In teaching sessions, they implemented the following: two feminist instructors from the PTP met with four or five students, at least one of whom had to be a woman. Members of the PTP instructed students; and physicians, if present at all, assumed the role of silent observers. The feminists required a written contract and were paid $50 for each session instead of $25 for each “model” to emphasize their altered status. Each session was focused on a well-woman approach to medical care, describing the wide range of normal conditions. They demonstrated how women can examine their own genitals using a plastic speculum, light, and mirror. Each teaching institution agreed to reproduce and distribute to the medical students “How to Do A Pelvic Examination,” written by the feminists from WCHC. Part of their proposal was not accepted by Harvard. This included purchase of an information packet written by feminists for each student as well as a separate second session to give information about women’s health concerns in more detail to the students. The Pelvic Teaching Program, now consisting of five WCHC members and six affiliated women, began to meet in an ongoing self-help group amongst themselves, to share criticisms, and perspectives about the program, as well as to devote energy to practical training, information, and skill sharing on a personal and political level. They used the group as a way to cope with embarrassing or offensive encounters and to devise strategies to avoid them in future sessions. They also used the group as a way to share their feelings about their dual roles as “models” and instructors.
They shared information about their program through meetings with other women, in reports to WCHC, and through the health center newsletters. At times, women in the PTP felt misunderstood or unsupported by WCHC. One of the ways in which the PTP and WCHC addressed this issue was by requesting that WCHC members who were not in the PTP observe teaching sessions to understand through first-hand observation what the instructors experienced. Within WCHC and the PTP individually, as well as in dialogues between the two, they addressed the controversial questions about the usefulness of an interim reform in physician education compared with other long term changes; they looked at power relations and communications between the PTP and WCHC.

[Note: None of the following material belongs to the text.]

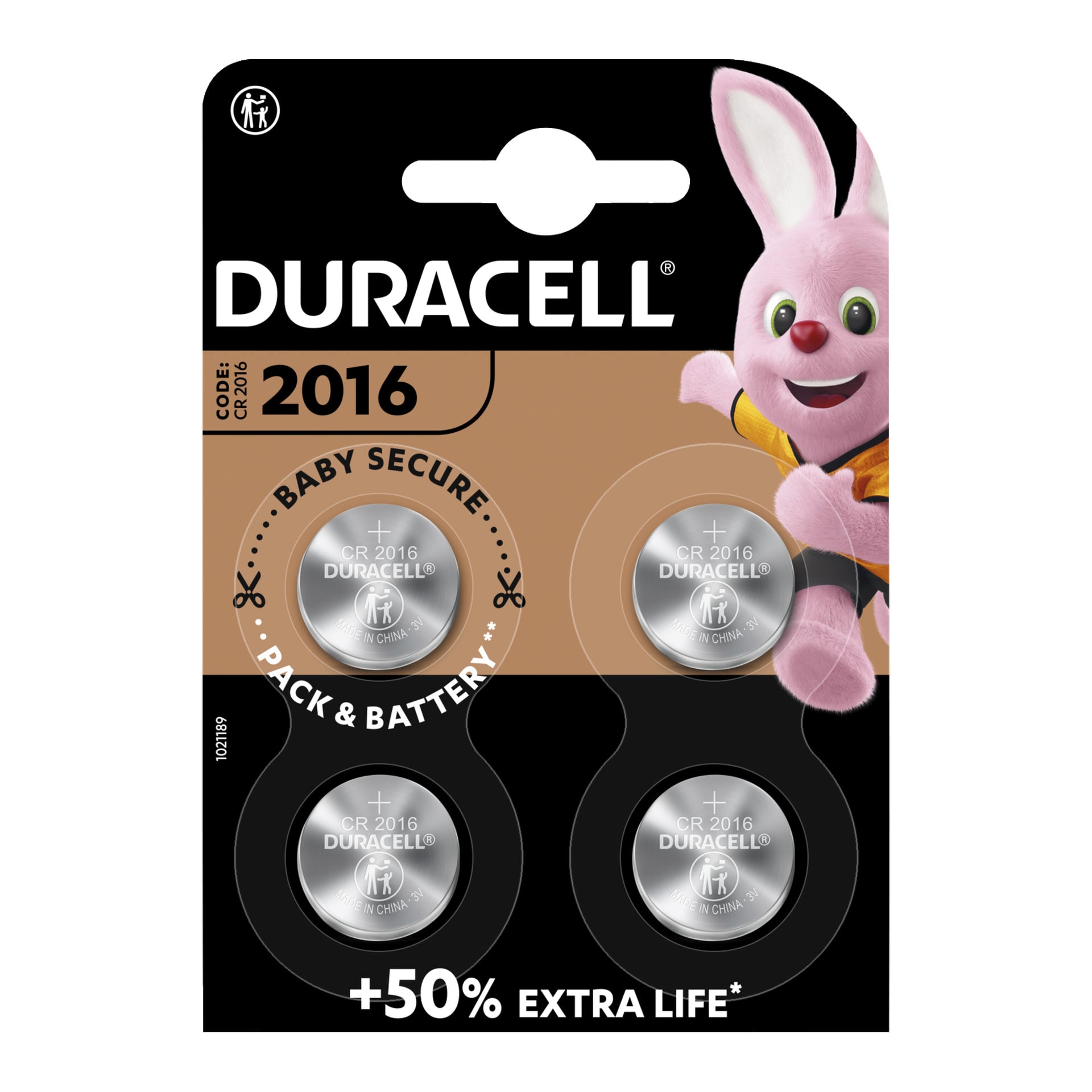 Ett paket med fyra Duracell CR2016-batterier med knappcellsbatterier som visar "Baby Secure" och "+50% Extra Life" på förpackningen, med Duracell-kaninmaskoten visad till höger.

The PTP wrote to HealthRight, a newsletter published by women’s health activists, outlining their new protocol, and pointing out why specific changes were made. They requested that any women thinking of teaching pelvic examinations to medical students contact them. They thought that this would be a way of empowering themselves and other women, realizing how isolated they had been when their own program began. As a result of their own experiences they strongly suggested that any women who were going to teach pelvic examinations be involved in a group, so that they could share skills and support for each other.
The report in HealthRight generated criticism as well as excitement within the women’s health community. Although some thought it was a victory to find members of the women’s health movement being asked to teach medical professionals, others felt that training doctors was simply a cooptation of long-term strategies.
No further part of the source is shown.